Unsustainable fiscal deficit
LAHORE: If Pakistan fails to address the structural issues in its economy and continues running persistent fiscal deficits for more than 5-7 years, it could face a debt crisis or economic collapse.
While the current government has achieved some level of economic stabilisation, it has yet to tackle numerous issues that hinder long-term sustainability. The country’s annual fiscal deficit remains viable as long as it secures financing through domestic and external sources without triggering a debt crisis, hyperinflation, or economic collapse. However, the sustainability of persistent fiscal deficits depends on several factors.
Pakistan’s fiscal deficit has consistently ranged between 6-8 per cent of GDP in recent years, indicating that the government is spending far more than it collects in revenue.
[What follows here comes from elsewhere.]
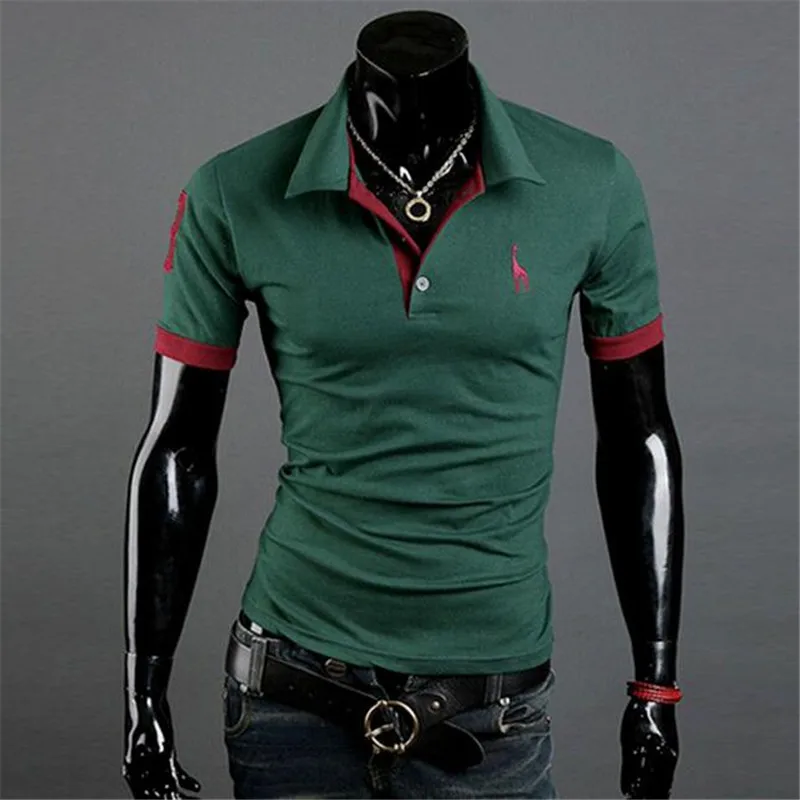 Прямая поставка, брендовая одежда, новая мужская рубашка поло, мужская деловая и повседневная однотонная мужская рубашка поло с коротким рукавом, дышащая рубашка поло - Цвет: Green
For developing countries, a sustainable fiscal deficit is generally considered to be around 3-4 per cent of GDP. Instead of generating the necessary revenue, the government continues to rely on borrowing.
This increasing borrowing has significantly added to Pakistan’s debt burden. The country’s total public debt stands at around 90 per cent of GDP, far exceeding the 60 per cent threshold recommended by the IMF. Servicing this debt consumes over 50 per cent of government revenue in interest payments, even after an 11 per cent reduction in the central bank’s policy rate and a stabilised rupee. Due to its high debt levels, Pakistan struggles to secure low-cost loans from donor agencies and is increasingly dependent on high-interest, short-term loans from domestic banks and external lenders, exacerbating its fiscal challenges.
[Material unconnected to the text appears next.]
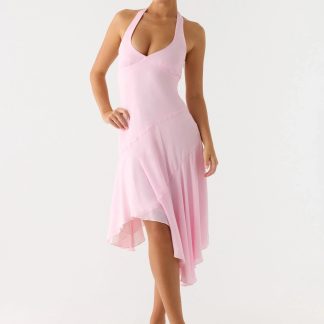 Faelie Halter Neck Asymmetrical Midi Dress - Pink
Persistent fiscal deficits erode investor confidence and contribute to currency depreciation, increasing the cost of foreign debt repayments and making deficit financing more difficult. The resulting high inflation further reduces purchasing power, worsening economic instability.
Pakistan has one of the lowest tax-to-GDP ratios globally, standing at just 9-10 per cent. Without meaningful tax reforms, the government will continue to struggle with deficit financing. In comparison, India’s tax-to-GDP ratio reached a record high of 18.5 per cent in the fiscal year 2023-24, comprising 11.7 per cent from the central government and 6.8 per cent from state governments. Unlike Pakistan, where provincial tax collections account for only about 1.0 per cent of federal tax revenue, Indian states contribute a far more substantial share, demonstrating a more balanced fiscal structure.
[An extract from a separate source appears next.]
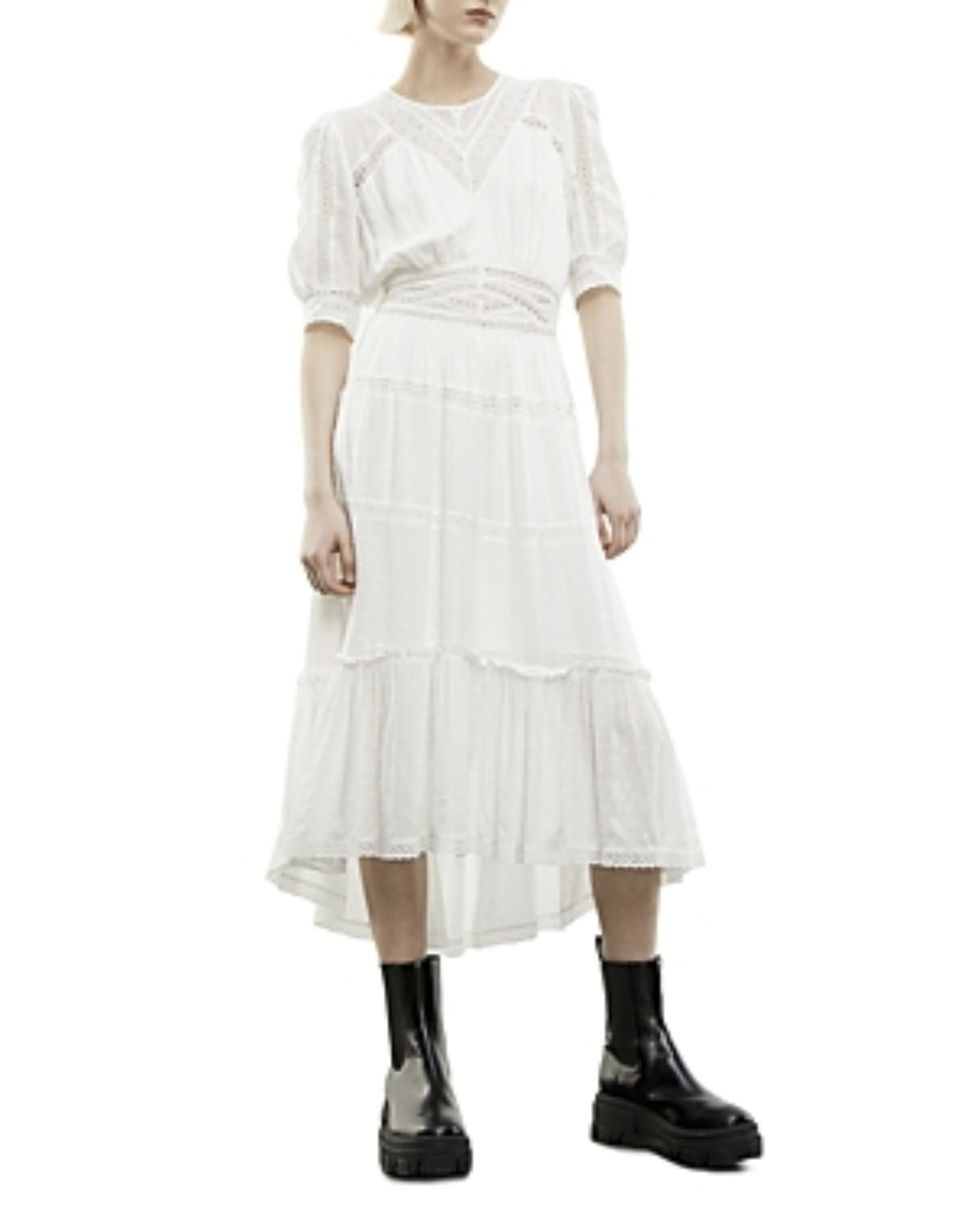 The Kooples Women High/Low Dress Ecru Size 4(XL)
Some critics argue that the government lacks the will to enforce tax collection. While it reluctantly implements reforms recommended by the IMF and other financial institutions, these efforts are often half-hearted. Lawmakers who pass tax legislation should lead by example and pay their own taxes. Although the Punjab and Sindh assemblies have approved an updated agriculture tax, its effective implementation remains uncertain.
Policymakers must recognise that global donors will not always rescue Pakistan. The government must generate resources domestically rather than relying on repeated IMF bailouts. Without structural reforms, international lenders may withdraw support, making deficit financing unviable.
In the short term (1-3 years), Pakistan can continue running deficits through additional borrowing. However, in the medium term (3-5 years), debt servicing will become unsustainable if economic growth remains sluggish. In the long term (beyond five years), without major reforms -- such as broadening the tax base, boosting exports, and accelerating privatisation -- Pakistan will face a heightened risk of default, leading to economic instability similar to that of Sri Lanka.
To stabilise its economy, our country must expand its tax base by taxing the retail and agricultural sectors while reducing non-development expenditures, including subsidies and inefficient government spending. Increasing exports and foreign direct investment (FDI) is essential for generating foreign exchange. At the same time, the country must reduce its dependence on short-term external debt to ensure long-term economic stability.